(Brief descriptive captions)

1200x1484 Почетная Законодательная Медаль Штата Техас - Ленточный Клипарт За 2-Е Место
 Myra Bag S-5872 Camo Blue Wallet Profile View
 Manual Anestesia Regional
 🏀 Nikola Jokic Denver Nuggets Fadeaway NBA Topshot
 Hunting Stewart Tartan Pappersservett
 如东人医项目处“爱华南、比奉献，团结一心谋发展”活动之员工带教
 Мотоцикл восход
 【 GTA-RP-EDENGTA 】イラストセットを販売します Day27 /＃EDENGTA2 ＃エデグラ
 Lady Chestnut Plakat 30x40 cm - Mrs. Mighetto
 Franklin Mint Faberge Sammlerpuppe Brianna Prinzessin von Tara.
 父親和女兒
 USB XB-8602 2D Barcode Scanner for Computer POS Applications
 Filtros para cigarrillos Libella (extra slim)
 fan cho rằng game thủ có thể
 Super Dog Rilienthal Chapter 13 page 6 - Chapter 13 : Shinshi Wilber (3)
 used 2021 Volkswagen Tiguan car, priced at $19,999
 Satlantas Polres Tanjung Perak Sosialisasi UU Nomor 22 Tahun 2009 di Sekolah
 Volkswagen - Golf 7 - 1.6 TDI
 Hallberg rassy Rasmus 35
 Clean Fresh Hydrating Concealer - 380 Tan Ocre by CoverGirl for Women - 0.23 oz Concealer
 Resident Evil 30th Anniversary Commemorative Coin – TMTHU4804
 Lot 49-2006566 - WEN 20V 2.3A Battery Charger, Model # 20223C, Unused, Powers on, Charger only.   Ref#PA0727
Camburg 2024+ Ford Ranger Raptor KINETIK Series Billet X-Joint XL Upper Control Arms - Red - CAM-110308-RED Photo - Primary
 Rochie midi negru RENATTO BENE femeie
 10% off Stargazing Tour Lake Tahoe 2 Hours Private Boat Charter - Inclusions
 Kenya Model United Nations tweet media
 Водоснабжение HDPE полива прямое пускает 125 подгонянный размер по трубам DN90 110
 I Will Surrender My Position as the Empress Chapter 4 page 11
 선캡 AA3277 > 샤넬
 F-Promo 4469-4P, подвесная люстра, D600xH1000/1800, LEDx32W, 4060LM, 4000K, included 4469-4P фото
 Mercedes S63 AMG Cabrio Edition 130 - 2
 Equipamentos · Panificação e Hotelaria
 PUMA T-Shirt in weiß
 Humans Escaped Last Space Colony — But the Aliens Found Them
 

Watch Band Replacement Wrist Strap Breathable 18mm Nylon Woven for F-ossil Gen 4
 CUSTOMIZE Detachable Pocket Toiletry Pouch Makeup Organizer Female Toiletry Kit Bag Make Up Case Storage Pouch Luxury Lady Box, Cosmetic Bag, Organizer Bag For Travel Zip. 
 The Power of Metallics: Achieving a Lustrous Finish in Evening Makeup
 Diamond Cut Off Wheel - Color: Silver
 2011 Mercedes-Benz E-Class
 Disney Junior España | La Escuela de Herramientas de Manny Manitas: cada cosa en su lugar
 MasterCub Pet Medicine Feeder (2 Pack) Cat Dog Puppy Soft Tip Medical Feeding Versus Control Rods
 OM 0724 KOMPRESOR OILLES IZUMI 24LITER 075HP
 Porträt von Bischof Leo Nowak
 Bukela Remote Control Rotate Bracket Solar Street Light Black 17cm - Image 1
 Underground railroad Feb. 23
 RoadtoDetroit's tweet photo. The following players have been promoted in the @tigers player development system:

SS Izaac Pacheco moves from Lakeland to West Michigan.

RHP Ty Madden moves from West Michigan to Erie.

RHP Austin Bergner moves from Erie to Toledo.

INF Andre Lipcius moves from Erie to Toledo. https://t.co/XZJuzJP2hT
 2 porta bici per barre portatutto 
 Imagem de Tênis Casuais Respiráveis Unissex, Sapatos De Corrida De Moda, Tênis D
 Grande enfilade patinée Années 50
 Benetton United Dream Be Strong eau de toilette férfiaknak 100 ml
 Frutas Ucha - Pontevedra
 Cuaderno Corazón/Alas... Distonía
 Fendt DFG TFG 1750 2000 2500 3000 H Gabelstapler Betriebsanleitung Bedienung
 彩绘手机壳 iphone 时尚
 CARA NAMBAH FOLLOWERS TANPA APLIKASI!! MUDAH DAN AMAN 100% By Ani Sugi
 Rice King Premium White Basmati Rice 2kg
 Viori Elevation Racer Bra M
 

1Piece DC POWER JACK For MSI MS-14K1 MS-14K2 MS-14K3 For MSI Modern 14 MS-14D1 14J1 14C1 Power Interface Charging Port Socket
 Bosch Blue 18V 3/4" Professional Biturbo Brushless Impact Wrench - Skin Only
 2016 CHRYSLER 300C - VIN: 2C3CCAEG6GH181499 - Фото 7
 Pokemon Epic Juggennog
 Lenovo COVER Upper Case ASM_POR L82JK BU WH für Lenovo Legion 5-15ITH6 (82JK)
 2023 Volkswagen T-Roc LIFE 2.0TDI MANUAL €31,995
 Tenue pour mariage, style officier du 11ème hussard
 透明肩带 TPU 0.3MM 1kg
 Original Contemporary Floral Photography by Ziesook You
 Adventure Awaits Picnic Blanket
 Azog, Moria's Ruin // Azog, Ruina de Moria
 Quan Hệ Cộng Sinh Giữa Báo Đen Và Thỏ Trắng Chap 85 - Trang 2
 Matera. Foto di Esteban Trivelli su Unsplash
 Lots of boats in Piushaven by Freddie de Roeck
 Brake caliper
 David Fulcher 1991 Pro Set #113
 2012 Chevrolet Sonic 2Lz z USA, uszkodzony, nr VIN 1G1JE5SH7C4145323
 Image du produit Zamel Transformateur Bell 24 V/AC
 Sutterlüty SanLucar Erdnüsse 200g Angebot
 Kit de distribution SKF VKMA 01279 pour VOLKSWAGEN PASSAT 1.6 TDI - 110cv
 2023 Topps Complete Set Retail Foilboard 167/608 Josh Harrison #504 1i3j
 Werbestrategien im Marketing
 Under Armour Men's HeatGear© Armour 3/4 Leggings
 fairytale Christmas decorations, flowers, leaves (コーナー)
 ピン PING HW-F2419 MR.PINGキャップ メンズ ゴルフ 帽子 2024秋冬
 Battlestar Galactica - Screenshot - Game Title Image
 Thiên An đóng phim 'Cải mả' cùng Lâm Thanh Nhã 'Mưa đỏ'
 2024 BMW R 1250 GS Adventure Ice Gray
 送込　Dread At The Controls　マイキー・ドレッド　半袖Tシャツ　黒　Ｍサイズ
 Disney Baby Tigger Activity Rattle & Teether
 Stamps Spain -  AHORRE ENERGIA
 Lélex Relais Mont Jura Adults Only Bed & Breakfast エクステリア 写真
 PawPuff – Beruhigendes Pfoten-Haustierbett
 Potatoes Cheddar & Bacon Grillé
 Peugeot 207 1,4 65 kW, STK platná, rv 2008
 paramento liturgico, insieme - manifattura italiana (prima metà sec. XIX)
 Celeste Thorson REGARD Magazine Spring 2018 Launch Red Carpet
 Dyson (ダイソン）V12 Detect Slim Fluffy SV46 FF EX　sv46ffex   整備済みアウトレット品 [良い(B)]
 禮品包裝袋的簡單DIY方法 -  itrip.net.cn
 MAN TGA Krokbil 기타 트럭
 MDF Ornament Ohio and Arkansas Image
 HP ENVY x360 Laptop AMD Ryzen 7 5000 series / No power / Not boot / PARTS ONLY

=== Assignment ===
Copy every entry exactly as it is given.

=== Response ===
1200x1484 Почетная Законодательная Медаль Штата Техас - Ленточный Клипарт За 2-Е Место
 Myra Bag S-5872 Camo Blue Wallet Profile View
 Manual Anestesia Regional
 🏀 Nikola Jokic Denver Nuggets Fadeaway NBA Topshot
 Hunting Stewart Tartan Pappersservett
 如东人医项目处“爱华南、比奉献，团结一心谋发展”活动之员工带教
 Мотоцикл восход
 【 GTA-RP-EDENGTA 】イラストセットを販売します Day27 /＃EDENGTA2 ＃エデグラ
 Lady Chestnut Plakat 30x40 cm - Mrs. Mighetto
 Franklin Mint Faberge Sammlerpuppe Brianna Prinzessin von Tara.
 父親和女兒
 USB XB-8602 2D Barcode Scanner for Computer POS Applications
 Filtros para cigarrillos Libella (extra slim)
 fan cho rằng game thủ có thể
 Super Dog Rilienthal Chapter 13 page 6 - Chapter 13 : Shinshi Wilber (3)
 used 2021 Volkswagen Tiguan car, priced at $19,999
 Satlantas Polres Tanjung Perak Sosialisasi UU Nomor 22 Tahun 2009 di Sekolah
 Volkswagen - Golf 7 - 1.6 TDI
 Hallberg rassy Rasmus 35
 Clean Fresh Hydrating Concealer - 380 Tan Ocre by CoverGirl for Women - 0.23 oz Concealer
 Resident Evil 30th Anniversary Commemorative Coin – TMTHU4804
 Lot 49-2006566 - WEN 20V 2.3A Battery Charger, Model # 20223C, Unused, Powers on, Charger only.   Ref#PA0727
Camburg 2024+ Ford Ranger Raptor KINETIK Series Billet X-Joint XL Upper Control Arms - Red - CAM-110308-RED Photo - Primary
 Rochie midi negru RENATTO BENE femeie
 10% off Stargazing Tour Lake Tahoe 2 Hours Private Boat Charter - Inclusions
 Kenya Model United Nations tweet media
 Водоснабжение HDPE полива прямое пускает 125 подгонянный размер по трубам DN90 110
 I Will Surrender My Position as the Empress Chapter 4 page 11
 선캡 AA3277 > 샤넬
 F-Promo 4469-4P, подвесная люстра, D600xH1000/1800, LEDx32W, 4060LM, 4000K, included 4469-4P фото
 Mercedes S63 AMG Cabrio Edition 130 - 2
 Equipamentos · Panificação e Hotelaria
 PUMA T-Shirt in weiß
 Humans Escaped Last Space Colony — But the Aliens Found Them
 

Watch Band Replacement Wrist Strap Breathable 18mm Nylon Woven for F-ossil Gen 4
 CUSTOMIZE Detachable Pocket Toiletry Pouch Makeup Organizer Female Toiletry Kit Bag Make Up Case Storage Pouch Luxury Lady Box, Cosmetic Bag, Organizer Bag For Travel Zip. 
 The Power of Metallics: Achieving a Lustrous Finish in Evening Makeup
 Diamond Cut Off Wheel - Color: Silver
 2011 Mercedes-Benz E-Class
 Disney Junior España | La Escuela de Herramientas de Manny Manitas: cada cosa en su lugar
 MasterCub Pet Medicine Feeder (2 Pack) Cat Dog Puppy Soft Tip Medical Feeding Versus Control Rods
 OM 0724 KOMPRESOR OILLES IZUMI 24LITER 075HP
 Porträt von Bischof Leo Nowak
 Bukela Remote Control Rotate Bracket Solar Street Light Black 17cm - Image 1
 Underground railroad Feb. 23
 RoadtoDetroit's tweet photo. The following players have been promoted in the @tigers player development system:

SS Izaac Pacheco moves from Lakeland to West Michigan.

RHP Ty Madden moves from West Michigan to Erie.

RHP Austin Bergner moves from Erie to Toledo.

INF Andre Lipcius moves from Erie to Toledo. https://t.co/XZJuzJP2hT
 2 porta bici per barre portatutto 
 Imagem de Tênis Casuais Respiráveis Unissex, Sapatos De Corrida De Moda, Tênis D
 Grande enfilade patinée Années 50
 Benetton United Dream Be Strong eau de toilette férfiaknak 100 ml
 Frutas Ucha - Pontevedra
 Cuaderno Corazón/Alas... Distonía
 Fendt DFG TFG 1750 2000 2500 3000 H Gabelstapler Betriebsanleitung Bedienung
 彩绘手机壳 iphone 时尚
 CARA NAMBAH FOLLOWERS TANPA APLIKASI!! MUDAH DAN AMAN 100% By Ani Sugi
 Rice King Premium White Basmati Rice 2kg
 Viori Elevation Racer Bra M
 

1Piece DC POWER JACK For MSI MS-14K1 MS-14K2 MS-14K3 For MSI Modern 14 MS-14D1 14J1 14C1 Power Interface Charging Port Socket
 Bosch Blue 18V 3/4" Professional Biturbo Brushless Impact Wrench - Skin Only
 2016 CHRYSLER 300C - VIN: 2C3CCAEG6GH181499 - Фото 7
 Pokemon Epic Juggennog
 Lenovo COVER Upper Case ASM_POR L82JK BU WH für Lenovo Legion 5-15ITH6 (82JK)
 2023 Volkswagen T-Roc LIFE 2.0TDI MANUAL €31,995
 Tenue pour mariage, style officier du 11ème hussard
 透明肩带 TPU 0.3MM 1kg
 Original Contemporary Floral Photography by Ziesook You
 Adventure Awaits Picnic Blanket
 Azog, Moria's Ruin // Azog, Ruina de Moria
 Quan Hệ Cộng Sinh Giữa Báo Đen Và Thỏ Trắng Chap 85 - Trang 2
 Matera. Foto di Esteban Trivelli su Unsplash
 Lots of boats in Piushaven by Freddie de Roeck
 Brake caliper
 David Fulcher 1991 Pro Set #113
 2012 Chevrolet Sonic 2Lz z USA, uszkodzony, nr VIN 1G1JE5SH7C4145323
 Image du produit Zamel Transformateur Bell 24 V/AC
 Sutterlüty SanLucar Erdnüsse 200g Angebot
 Kit de distribution SKF VKMA 01279 pour VOLKSWAGEN PASSAT 1.6 TDI - 110cv
 2023 Topps Complete Set Retail Foilboard 167/608 Josh Harrison #504 1i3j
 Werbestrategien im Marketing
 Under Armour Men's HeatGear© Armour 3/4 Leggings
 fairytale Christmas decorations, flowers, leaves (コーナー)
 ピン PING HW-F2419 MR.PINGキャップ メンズ ゴルフ 帽子 2024秋冬
 Battlestar Galactica - Screenshot - Game Title Image
 Thiên An đóng phim 'Cải mả' cùng Lâm Thanh Nhã 'Mưa đỏ'
 2024 BMW R 1250 GS Adventure Ice Gray
 送込　Dread At The Controls　マイキー・ドレッド　半袖Tシャツ　黒　Ｍサイズ
 Disney Baby Tigger Activity Rattle & Teether
 Stamps Spain -  AHORRE ENERGIA
 Lélex Relais Mont Jura Adults Only Bed & Breakfast エクステリア 写真
 PawPuff – Beruhigendes Pfoten-Haustierbett
 Potatoes Cheddar & Bacon Grillé
 Peugeot 207 1,4 65 kW, STK platná, rv 2008
 paramento liturgico, insieme - manifattura italiana (prima metà sec. XIX)
 Celeste Thorson REGARD Magazine Spring 2018 Launch Red Carpet
 Dyson (ダイソン）V12 Detect Slim Fluffy SV46 FF EX　sv46ffex   整備済みアウトレット品 [良い(B)]
 禮品包裝袋的簡單DIY方法 -  itrip.net.cn
 MAN TGA Krokbil 기타 트럭
 MDF Ornament Ohio and Arkansas Image
 HP ENVY x360 Laptop AMD Ryzen 7 5000 series / No power / Not boot / PARTS ONLY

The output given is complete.